How to compute the gradient of the score for class?And what's the relationship between grident and visulization?

zhangrong1722 commented 6 years ago

In grad-cam paper,the authors use the gradient of the score for class c namely y^c partial derivative of feature maps A^k of a convolutional layer to obtain the neuron importance weights.But how to compute the gradient of the score for class c y^c?And why?

ramprs commented 6 years ago

How to compute the gradient of the score for class c y^c?

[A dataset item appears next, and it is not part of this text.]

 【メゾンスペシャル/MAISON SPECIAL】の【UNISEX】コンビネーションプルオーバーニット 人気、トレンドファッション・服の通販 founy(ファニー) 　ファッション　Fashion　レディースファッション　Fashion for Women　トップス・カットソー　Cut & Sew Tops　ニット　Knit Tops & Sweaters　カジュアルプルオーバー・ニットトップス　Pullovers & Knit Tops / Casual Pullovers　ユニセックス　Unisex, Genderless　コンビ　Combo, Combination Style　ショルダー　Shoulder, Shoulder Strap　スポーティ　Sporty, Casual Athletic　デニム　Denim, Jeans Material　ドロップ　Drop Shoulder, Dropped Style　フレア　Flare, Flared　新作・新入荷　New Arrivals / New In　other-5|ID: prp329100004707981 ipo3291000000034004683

In order to compute the gradient of the score for any class c wrt convolutional feature map, we set the gradient to the pre-softmax layer (fc8 in case of VGG) as a one-hot encoding of the target class c and back propagate that gradient till the last convolutional layer (in most frameworks this can be done by simply calling backward).

Why do we use Gradients in Grad-CAM?

Grad-CAM uses the fact later convolutional layers capture more semantic information, and the importance of a neuron can be determined by summing up (Global average pooling) the gradients obtained above. In order to explain this particular image, these importance weights are combined with convolutional feature map A to obtain Grad-CAM.

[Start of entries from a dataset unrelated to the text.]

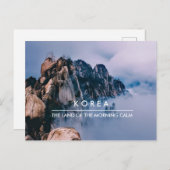 Korea Seoraksan Bergpostkarte für Postüberquerung Postkarte (Vorne/Hinten)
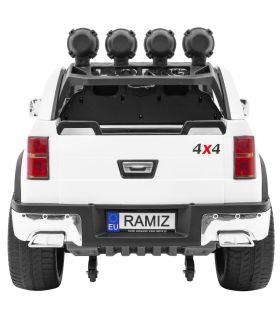 Voiture électrique 2 places 12V Long Blanche - Pack Luxe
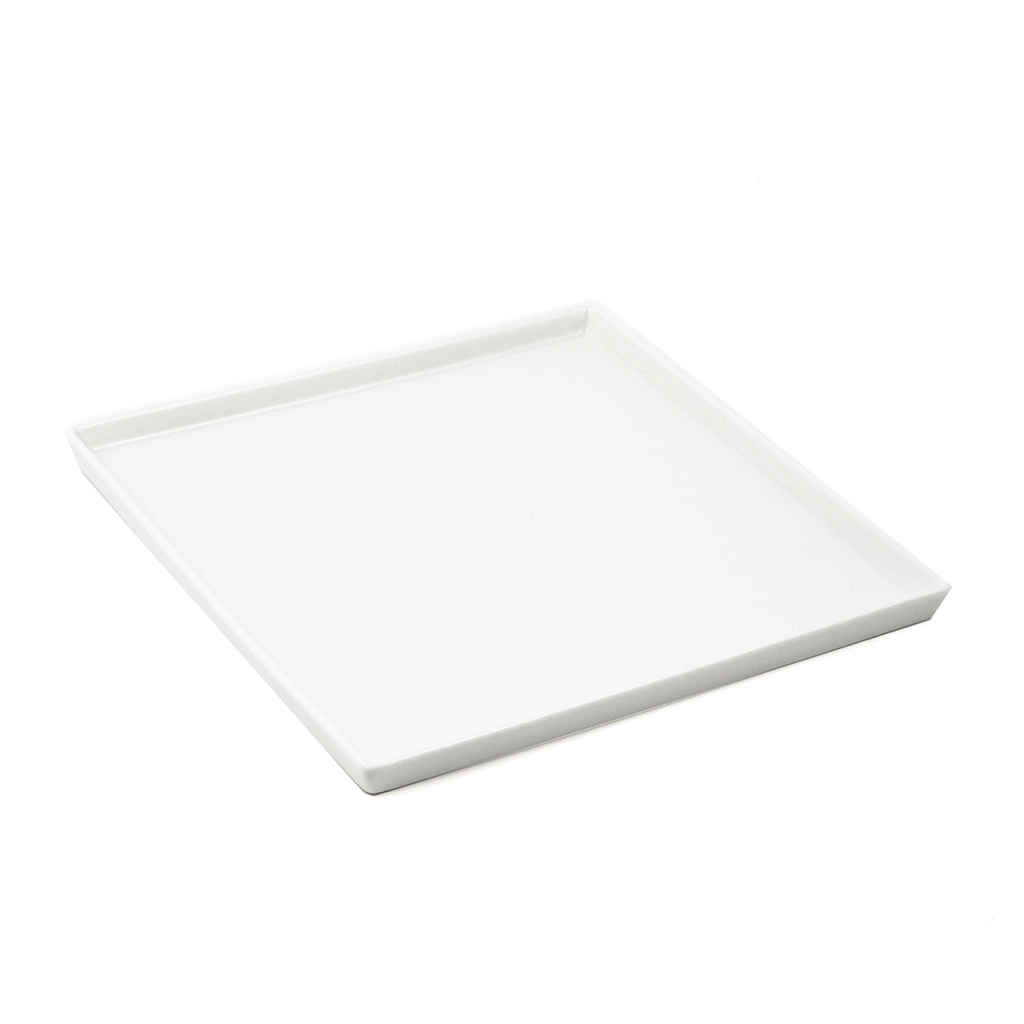 Porceletta Ivory Porcelain Square Plate 30.2 cm / 12"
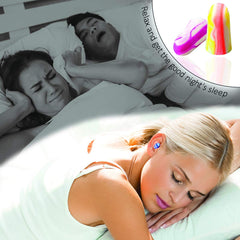 DRIFT TO SLEEP MOLDEX Softies comparación de tamaño junto a una mano para escala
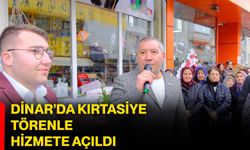 Dinar’da kırtasiye törenle hizmete açıldı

Difference between visualization and gradient:

In Grad-CAM paper when we refer to visualization, we refer to the visual explanation (Grad CAM heat map or Guided Grad-CAM gradients). Gradients are much more general and are used in different scenarios - for training or generating explanations (like in the case of Grad-CAM).

zhangrong1722 commented 6 years ago

Thank you!

hnguyentt commented 4 years ago

Hello @ramprs

Is it still acceptable to do the backpropagation from softmax rather than pre-softmax till the last convolutional layer?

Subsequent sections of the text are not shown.